Dataset:
---*---

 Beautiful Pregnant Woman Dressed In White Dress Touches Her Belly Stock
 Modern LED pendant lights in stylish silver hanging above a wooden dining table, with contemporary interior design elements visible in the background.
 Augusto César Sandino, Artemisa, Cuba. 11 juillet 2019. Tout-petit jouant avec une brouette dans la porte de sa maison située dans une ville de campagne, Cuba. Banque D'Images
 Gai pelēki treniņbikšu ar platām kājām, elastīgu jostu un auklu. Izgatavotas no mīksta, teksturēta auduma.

---*---

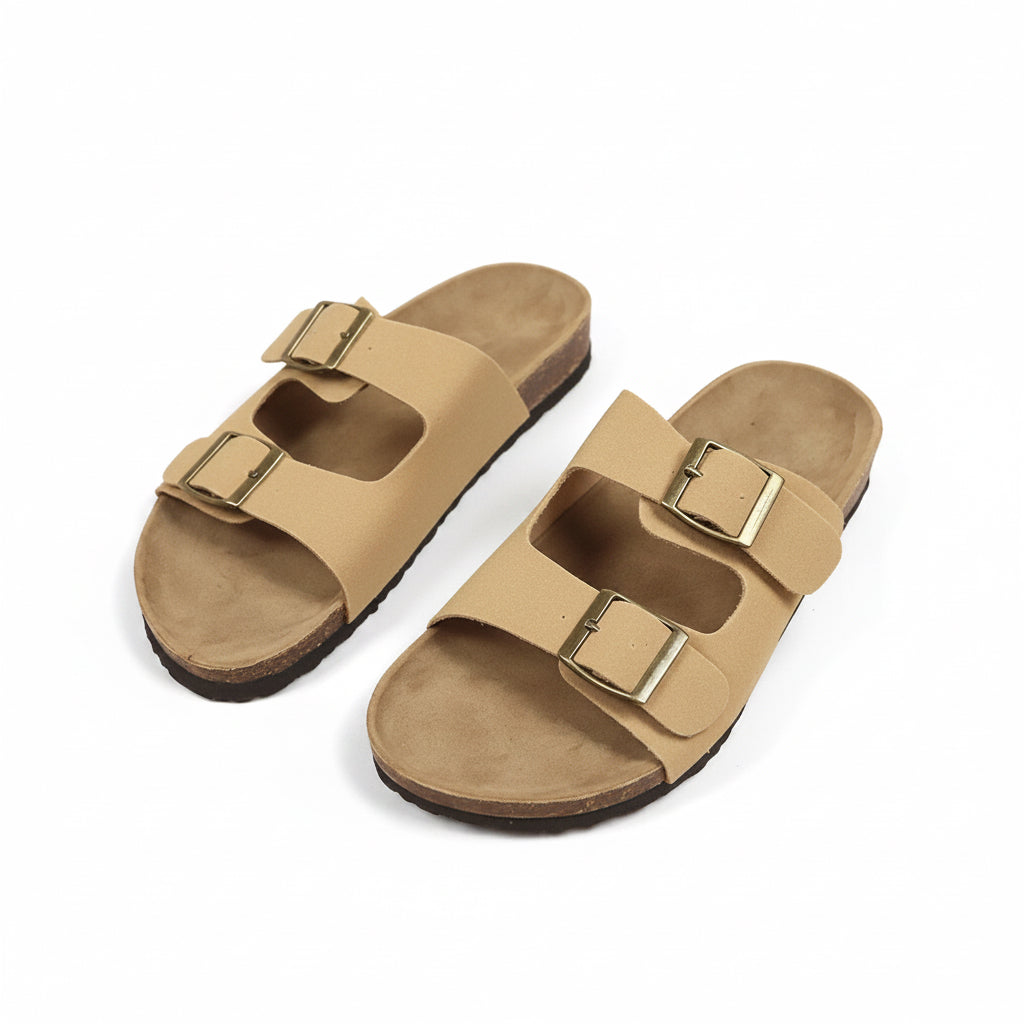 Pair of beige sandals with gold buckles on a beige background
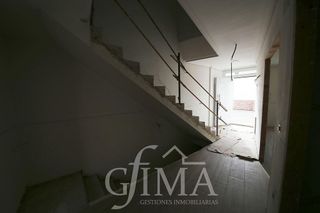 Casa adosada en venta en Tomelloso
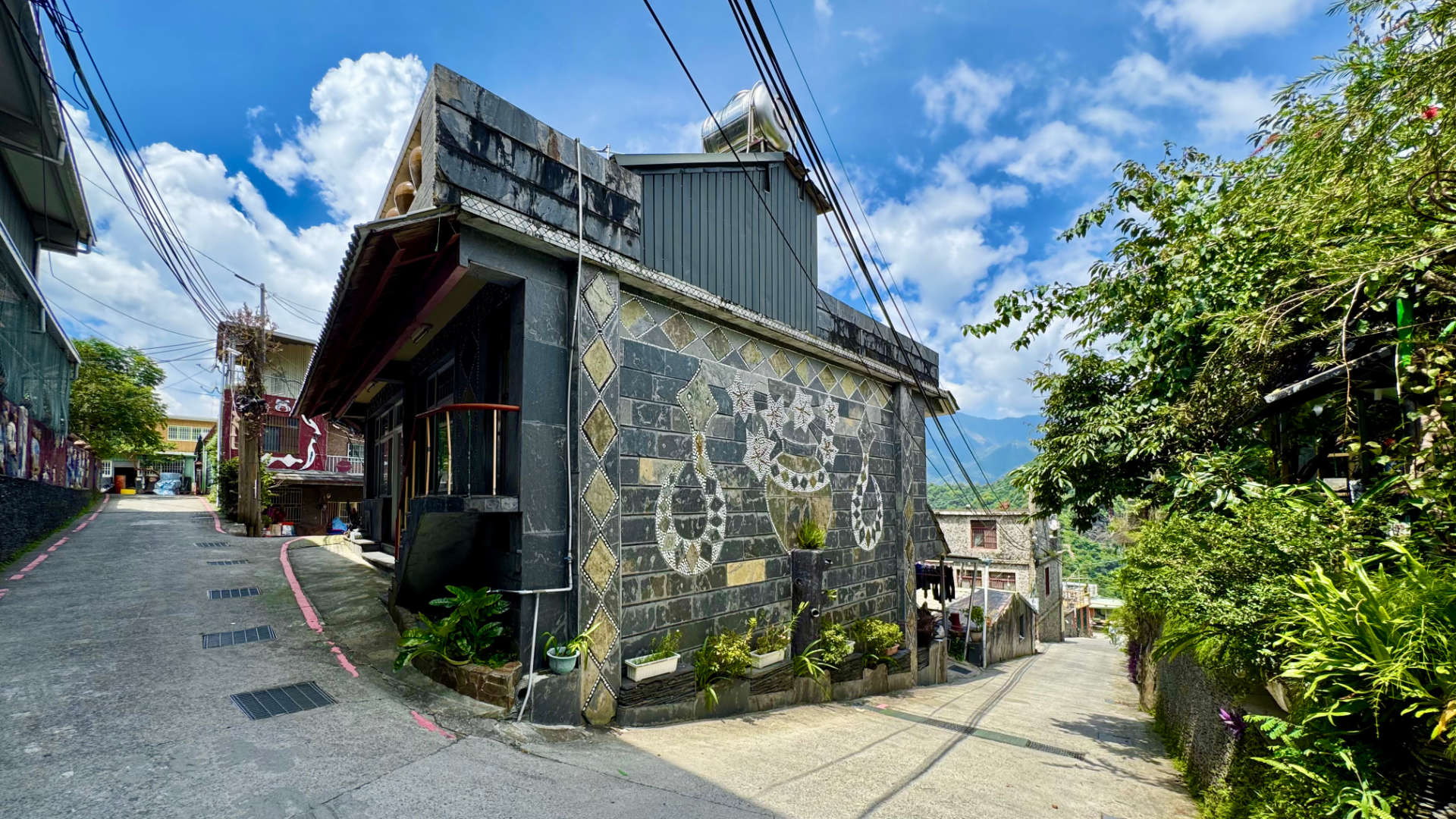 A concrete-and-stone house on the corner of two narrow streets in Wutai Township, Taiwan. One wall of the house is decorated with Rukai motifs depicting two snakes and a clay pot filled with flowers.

---*---

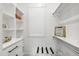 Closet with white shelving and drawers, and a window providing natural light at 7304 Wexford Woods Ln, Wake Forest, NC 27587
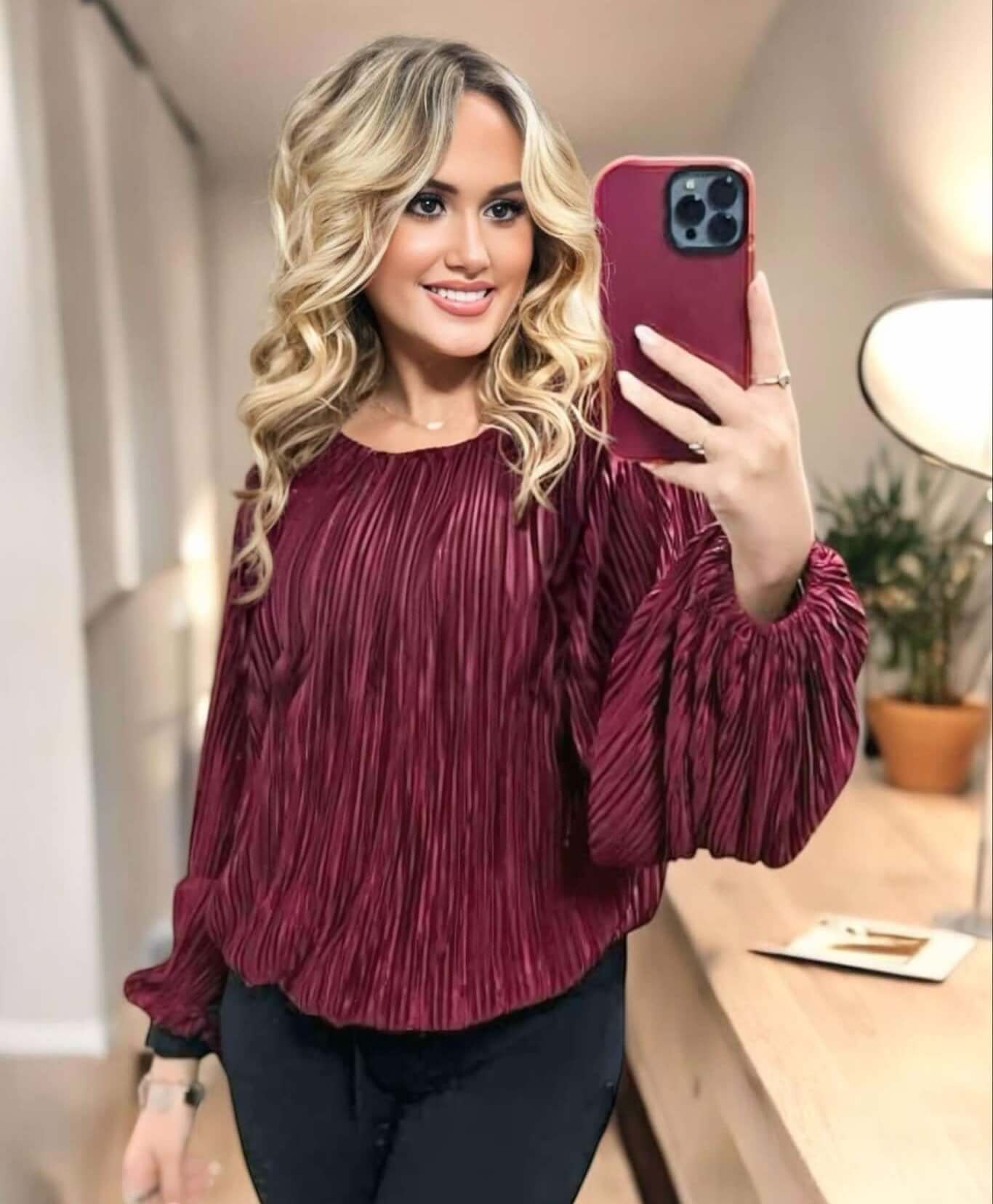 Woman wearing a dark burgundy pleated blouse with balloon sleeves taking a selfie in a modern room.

---*---

Your assignment: All lines above from the one containing "Closet with white" up to and including the one containing "Woman wearing a" are to be set down exactly, and nothing else. Leave images out.

Task response:
 Closet with white shelving and drawers, and a window providing natural light at 7304 Wexford Woods Ln, Wake Forest, NC 27587
 Woman wearing a dark burgundy pleated blouse with balloon sleeves taking a selfie in a modern room.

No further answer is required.